If the concerns sound ambitious for an event that involves an international cast of artists, curators, galleries, performers and thinkers, it seems impossible that they might be successfully encapsulated within the span of a single career.
As a new exhibition at the National Portrait Gallery in London suggests, however, this was precisely the achievement of the Victorian polymath and political radical William Morris, a man whose legacy continues to frame contemporary debates about art, culture, creativity and the environment, wherever they might take place.
"Now in the 21st century our art and design culture is widespread. But its global sophistication brings new anxieties," Fiona MacCarthy, the curator of Anarchy & Beauty: William Morris and His Legacy 1860-1960, has said.
"We find ourselves returning to many of Morris's preoccupations with craft skills and the environment, with local sourcing, with vernacular traditions, with art as a vital force within society, binding together people of varying backgrounds and ­nationalities."
It is exactly 20 years since the publication of MacCarthy's landmark biography, William Morris: A Life of Our Time (1994) and as the title of the book and the new exhibition suggest, MacCarthy sees Morris as a figure of such achievements that he continues to "resonate with modern life".
"He was so multifaceted," she tells me. "He was visual as well as verbal and he was such a big, energetic personality. People find that fascinating about him."
Even by Victorian standards, the breadth of Morris's achievement was prodigious. An architect, artist and designer of everything from wallpapers, fabrics, furniture, jewellery and ­typography, Morris was also one of the younger members of the Pre-Raphaelite Brotherhood who dedicated the early years of his life to a campaign against what he saw as the false values of Victorian industrial production and against a world of objects "devoid of art or spirit".
Morris set out to "show people that other things and other kinds of design were possible", MacCarthy explains. "He was operating as a protest movement within the commercial ­marketplace."
The early focal point for Morris's experimentation was his own home, Red House in Bexleyheath, Kent. Designed in an arts and crafts style by Morris and his friend, the architect Philip Webb, Red House was furnished and decorated by Morris, his wife Jane, and his fellow Pre-Raphaelites Dante Gabriel Rossetti, Ford Madox Brown and his close friend and collaborator Edward Burne-Jones.
Before long, the success of the Red House experiments would result in Morris's transformation into a retailer as well as a designer and maker and the founding of a business, which eventually became Morris & Co, that included manufacturing workshops and a shop on central London's Oxford Street.
When Morris wasn't running his business, weaving tapestries, printing books or manufacturing ecclesiastical stained glass, he kept himself busy writing epic poetry, setting up his own publishing house, editing Commonweal, a radical newspaper, and translating Icelandic sagas.

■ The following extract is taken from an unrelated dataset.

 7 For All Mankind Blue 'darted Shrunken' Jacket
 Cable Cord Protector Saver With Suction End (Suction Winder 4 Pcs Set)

Despite the fact that Morris & Co was to survive until 1940, its success led to something of a crisis of conscience for its founder, as Morris found it impossible to reconcile his passionate beliefs in "art for all" and the democratisation and reform of design with projects that involved "ministering to the swinish luxury of the rich".
"He was all too aware that, as far as he was concerned, it had been a losing battle however hard he tried," MacCarthy says. "He just couldn't get over his ideas about perfectionist design and actually making it at a level that ordinary people could afford. It was really that which drove him to revolutionary socialism in the end."

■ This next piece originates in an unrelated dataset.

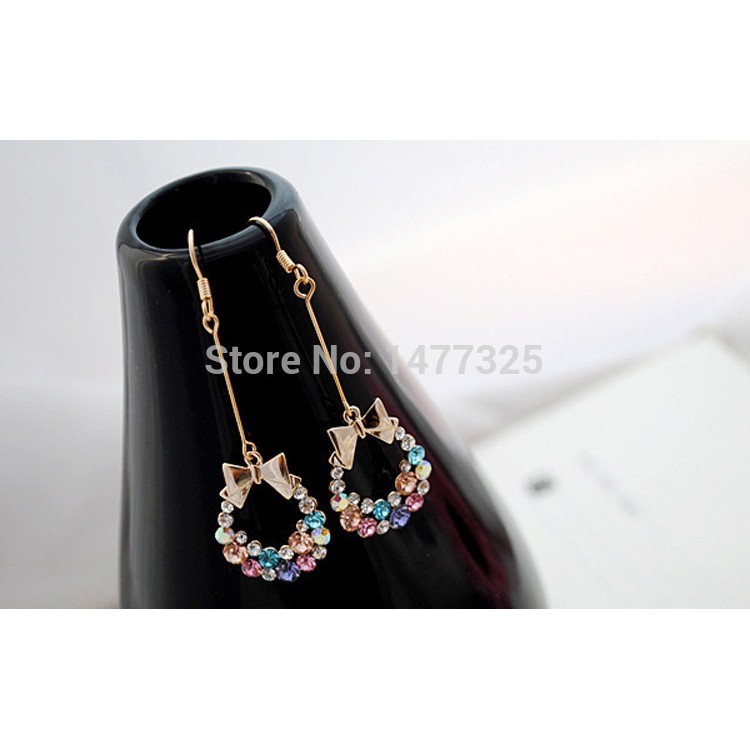 Bộ 2 bông tai thời trang dáng dài kiểu vòng có phối nơ đầy cá tính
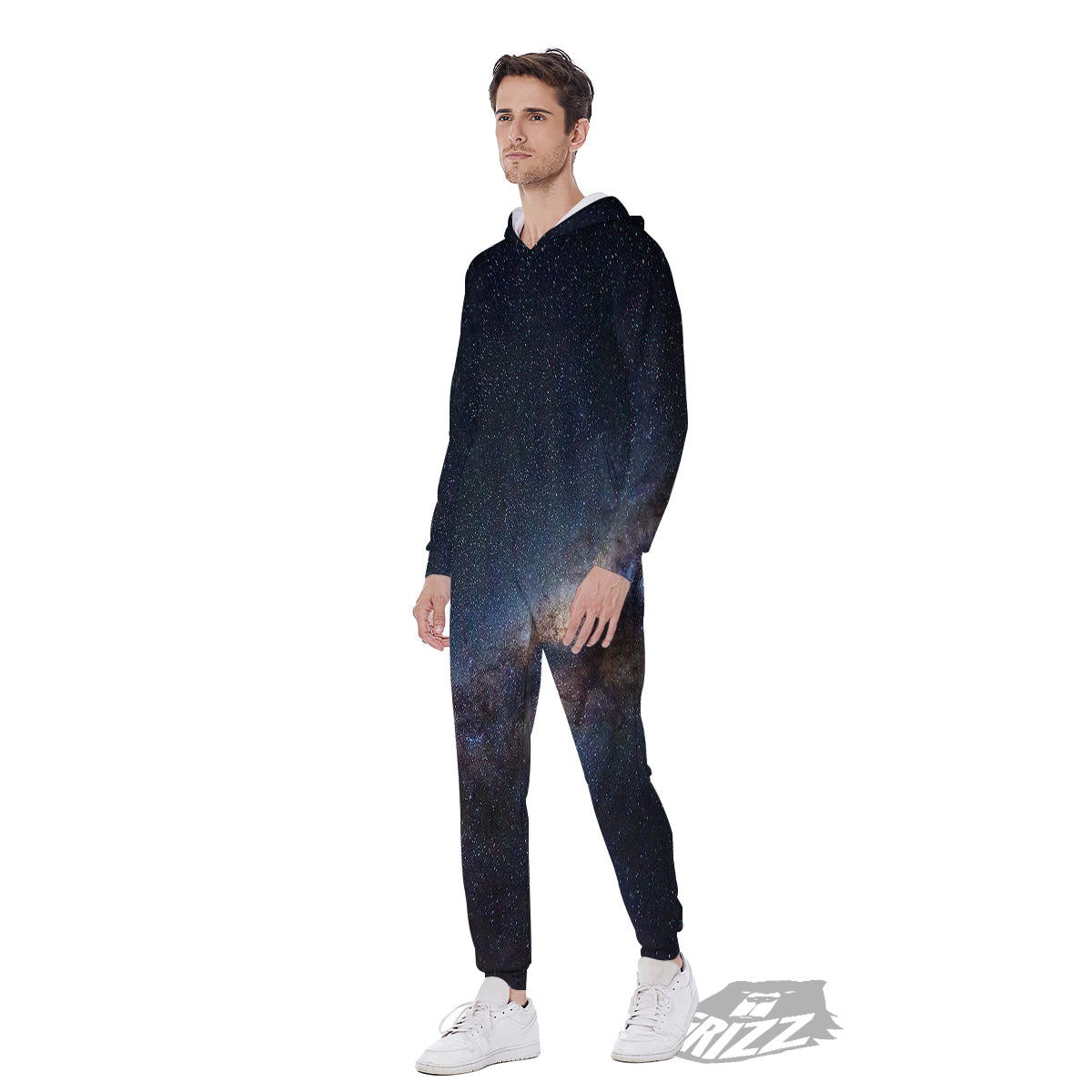 Galaxy Space Dark Milky Way Print Men's Jumpsuit-grizzshop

In the 1880s, Morris became increasingly politicised and in 1883 he joined a revolutionary new political party, the Social Democratic Federation. Morris's diaries from this period record that he made around 100 public talks during his final two decades in which he urged his audiences to consider the prospect of a better and very different life in lectures such as 'How We Live and How We Might Live', 'Useless Work versus Useless Toil' and 'A Factory As it Might Be'.

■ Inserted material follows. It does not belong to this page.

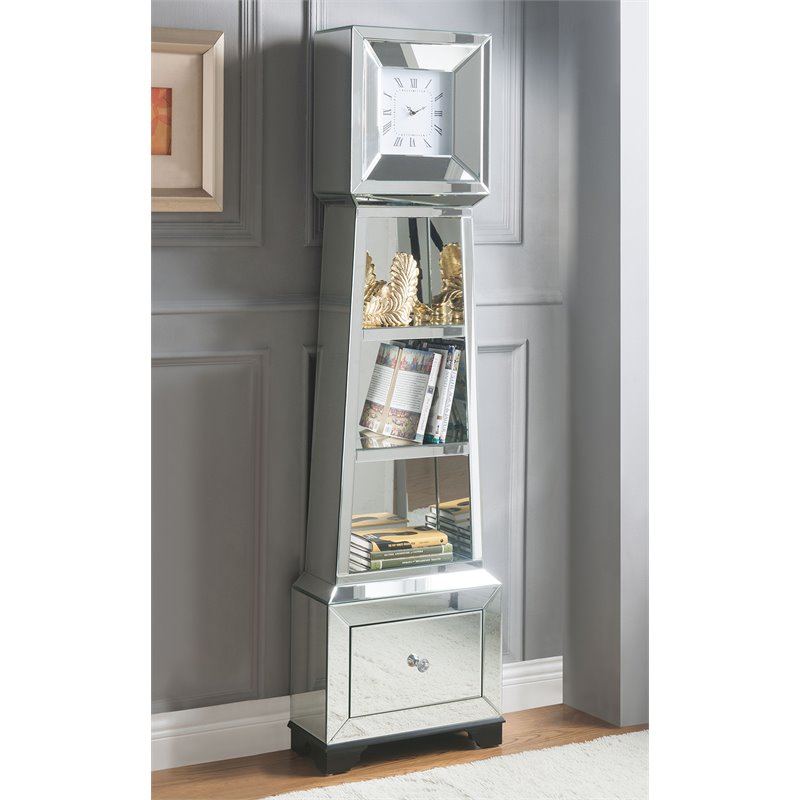 Bowery Hill Mirrored Floor Clock with Quartz Movement and Storage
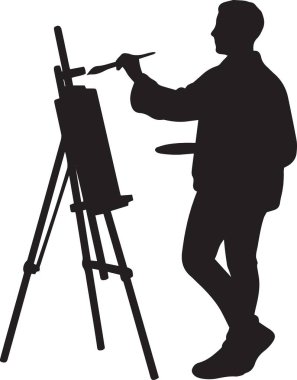 Tablo sehpasında resim yapan bir sanatçının siyah vektör silueti yaratıcı sanatlar, stüdyo ve hobi temalı tasarımlar için idealdir.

It was also a period in which Morris became friends with the exiled Russian anarchists Peter Kropotkin and Sergius Stepniak as well as Karl Marx's daughter Eleanor, but the contradictions that defined Morris's work as a designer also surfaced in his political activism. So worn out was his copy of Karl Marx's Das Kapital that, within a year of its purchase, Morris had it rebound with opulent, golden bindings.
"The contradictions are there, but I don't think this detracts from his enormous integrity and it certainly doesn't detract from my admiration for him," Mac­Carthy says of a man whose ideas she has lived with "all of my adult life".
Morris's ideas about design, the value of craft and the development of skills ultimately found their expression in the workshops of Walter Gropius's Bauhaus, and for many commentators it is Morris's contribution to the development of modernism that is his greatest legacy.
For others, however, the utopianism that fuelled Morris's ideas about art, design, society and the environment found their ultimate apotheosis not in an object but in his political novel of 1890, News From Nowhere.
Taking its inspiraton from Sir Thomas More's Utopia, News From Nowhere describes an England of the future transformed by revolution. The result is a communistic paradise of genuine equality freed of private property, as MacCarthy describes.
"The most strikingly original aspects of the story have to do with art and the environment. News From Nowhere is Morris's fictional re-working of the claims made in his lecture 'Art under Plutocracy' for an inclusive concept of art extending to 'the aspects of all the externals of our life. Art was not just painting, sculpture, architecture, it was also "the shapes and colours of household goods"; art was even "the arrangement of the fields for tillage and pasture, the management of towns and of our highways of all kind"'."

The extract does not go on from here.